#### [TASK DESCRIPTION]
What you give back from the listing below should be an exact copy of the lines from the one with "You may be wondering" down to the one with "You can also", and it should contain no pictures.

#### [INPUT]
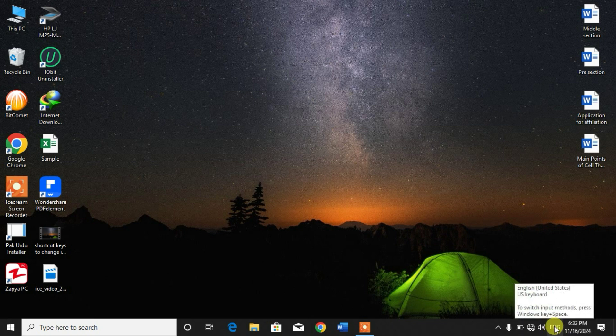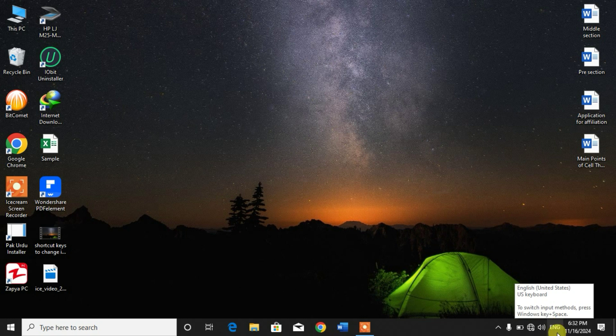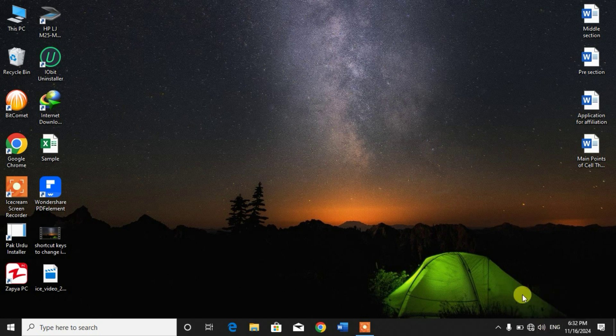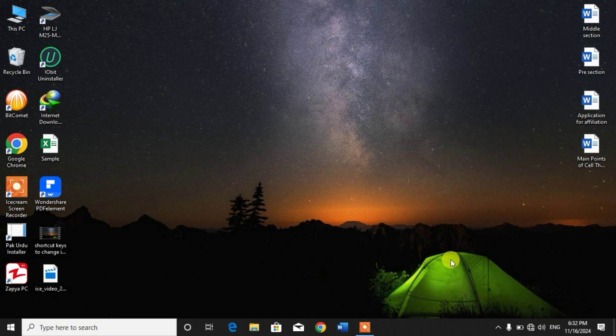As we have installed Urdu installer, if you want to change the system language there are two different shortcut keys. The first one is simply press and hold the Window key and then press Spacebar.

--

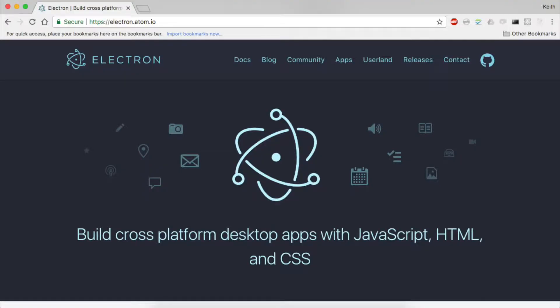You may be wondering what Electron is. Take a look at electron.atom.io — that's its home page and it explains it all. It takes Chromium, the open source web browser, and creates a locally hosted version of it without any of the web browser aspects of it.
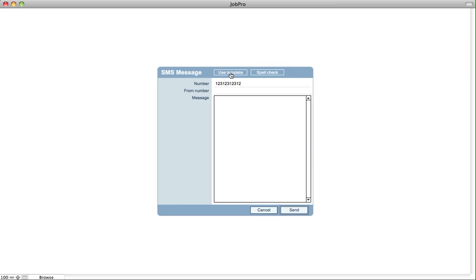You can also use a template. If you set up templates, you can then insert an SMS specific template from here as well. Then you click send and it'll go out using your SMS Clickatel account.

#### [ANSWER FOR THIS EXERCISE]
You may be wondering what Electron is. Take a look at electron.atom.io — that's its home page and it explains it all. It takes Chromium, the open source web browser, and creates a locally hosted version of it without any of the web browser aspects of it.
You can also use a template. If you set up templates, you can then insert an SMS specific template from here as well. Then you click send and it'll go out using your SMS Clickatel account.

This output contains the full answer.